Now, cheap cooking gas for villagers

December 22, 2013 12:32 am | Updated 12:32 am IST

A beneficiary of the low-volume fixed model Shakthi-Surabhi gas generating plant in Kanyakumari.

A beneficiary of the low-volume fixed model Shakthi-Surabhi gas generating plant in Kanyakumari.

With the price of LPG gas cylinders going up, the need of the hour is technology that can provide cooking gas — an efficient fuel — that will help the poor, particularly the rural population.

Vivekananda Kendra-Natural Resources Development (Vk- Nardep), an NGO in Kanyakumari, Tamil Nadu, has come out with a low-volume fixed model Shakthi-Surabhi gas generating plant, aimed at solving the energy problems of the rural community.

The fixed model provides a threefold advantage — nutrient slurry for gardening and agriculture, disposal of waste and hygienic livelihood and, primarily, energy for cooking. But unlike the usual biogas plant, this will be constructed above the ground.

“Skilled masons are required to construct a fixed model Gobar plant [small size], . This is a limiting factor in rural areas. But semi-skilled masons can easily build the low-volume fixed plant Shakthi Surabhi model in a very short time,” says G. Vasudeo, Secretary of the Kendra.

The plant has contributed to energy savings and economic savings for the households in and around the Kanyakumari region where it has been constructed.

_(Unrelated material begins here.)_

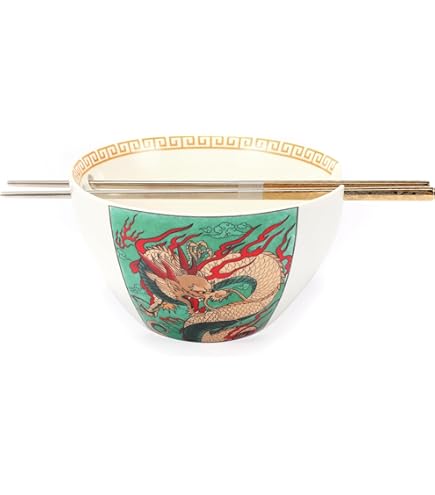 Amazon.com | Hagary Wave Ramen Bowl Ceramic Bowl With Chopsticks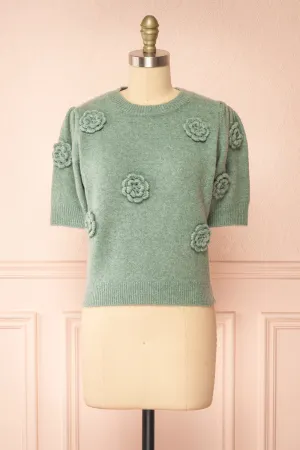 Zuniki Sage | Knit Top w/ Crochet Flowers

During a regular feedback session, the Kendra recorded that many housewives who used to book a cylinder once in two months are now doing so only once in six months. And a majority of homes are individual houses with a small patch of area growing vegetables for the kitchen. The slurry removed from the plant is used as manure, thus providing households with organic vegetables for domestic consumption throughout the year. A one cubic metre plant generates gas for about an hour-and-a-half everyday. The bio-methanation plant has also been installed in institutions like Auroville in Puducherry.